WHAT THE TASK ASKS → Print, unchanged, the line containing "Doggo Button Pins Pair BP001" along with all lines that follow it to the end of the listing.

- - - - -

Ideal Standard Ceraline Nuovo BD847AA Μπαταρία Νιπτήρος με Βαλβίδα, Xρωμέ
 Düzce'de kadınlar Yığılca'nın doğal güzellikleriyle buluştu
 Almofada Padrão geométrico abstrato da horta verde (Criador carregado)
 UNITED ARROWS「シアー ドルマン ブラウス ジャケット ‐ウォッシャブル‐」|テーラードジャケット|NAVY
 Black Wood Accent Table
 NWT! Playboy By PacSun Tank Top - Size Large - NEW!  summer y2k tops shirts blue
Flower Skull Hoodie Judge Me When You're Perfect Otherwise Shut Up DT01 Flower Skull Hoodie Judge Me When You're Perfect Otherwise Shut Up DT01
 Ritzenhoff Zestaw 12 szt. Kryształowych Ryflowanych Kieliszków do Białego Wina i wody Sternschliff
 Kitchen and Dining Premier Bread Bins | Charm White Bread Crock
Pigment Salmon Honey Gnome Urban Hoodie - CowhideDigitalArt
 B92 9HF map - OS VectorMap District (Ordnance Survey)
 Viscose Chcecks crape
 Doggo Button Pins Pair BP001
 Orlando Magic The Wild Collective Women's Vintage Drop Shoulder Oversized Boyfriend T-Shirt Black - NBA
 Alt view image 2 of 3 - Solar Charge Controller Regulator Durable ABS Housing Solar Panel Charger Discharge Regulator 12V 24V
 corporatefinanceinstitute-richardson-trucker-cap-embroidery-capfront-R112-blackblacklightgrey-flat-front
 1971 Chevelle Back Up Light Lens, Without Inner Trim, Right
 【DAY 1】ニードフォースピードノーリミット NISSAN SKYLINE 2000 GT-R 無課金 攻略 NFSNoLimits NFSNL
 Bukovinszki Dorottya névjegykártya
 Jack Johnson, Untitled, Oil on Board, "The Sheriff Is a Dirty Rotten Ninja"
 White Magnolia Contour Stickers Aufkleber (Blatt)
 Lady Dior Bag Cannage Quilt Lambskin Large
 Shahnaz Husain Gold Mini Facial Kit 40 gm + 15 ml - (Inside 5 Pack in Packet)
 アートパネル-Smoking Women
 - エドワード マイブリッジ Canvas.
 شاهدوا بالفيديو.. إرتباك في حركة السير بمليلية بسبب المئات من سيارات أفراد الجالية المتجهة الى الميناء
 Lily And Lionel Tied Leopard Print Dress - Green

- - - - -

ANSWER TO THE EXERCISE →
 Doggo Button Pins Pair BP001
 Orlando Magic The Wild Collective Women's Vintage Drop Shoulder Oversized Boyfriend T-Shirt Black - NBA
 Alt view image 2 of 3 - Solar Charge Controller Regulator Durable ABS Housing Solar Panel Charger Discharge Regulator 12V 24V
 corporatefinanceinstitute-richardson-trucker-cap-embroidery-capfront-R112-blackblacklightgrey-flat-front
 1971 Chevelle Back Up Light Lens, Without Inner Trim, Right
 【DAY 1】ニードフォースピードノーリミット NISSAN SKYLINE 2000 GT-R 無課金 攻略 NFSNoLimits NFSNL
 Bukovinszki Dorottya névjegykártya
 Jack Johnson, Untitled, Oil on Board, "The Sheriff Is a Dirty Rotten Ninja"
 White Magnolia Contour Stickers Aufkleber (Blatt)
 Lady Dior Bag Cannage Quilt Lambskin Large
 Shahnaz Husain Gold Mini Facial Kit 40 gm + 15 ml - (Inside 5 Pack in Packet)
 アートパネル-Smoking Women
 - エドワード マイブリッジ Canvas.
 شاهدوا بالفيديو.. إرتباك في حركة السير بمليلية بسبب المئات من سيارات أفراد الجالية المتجهة الى الميناء
 Lily And Lionel Tied Leopard Print Dress - Green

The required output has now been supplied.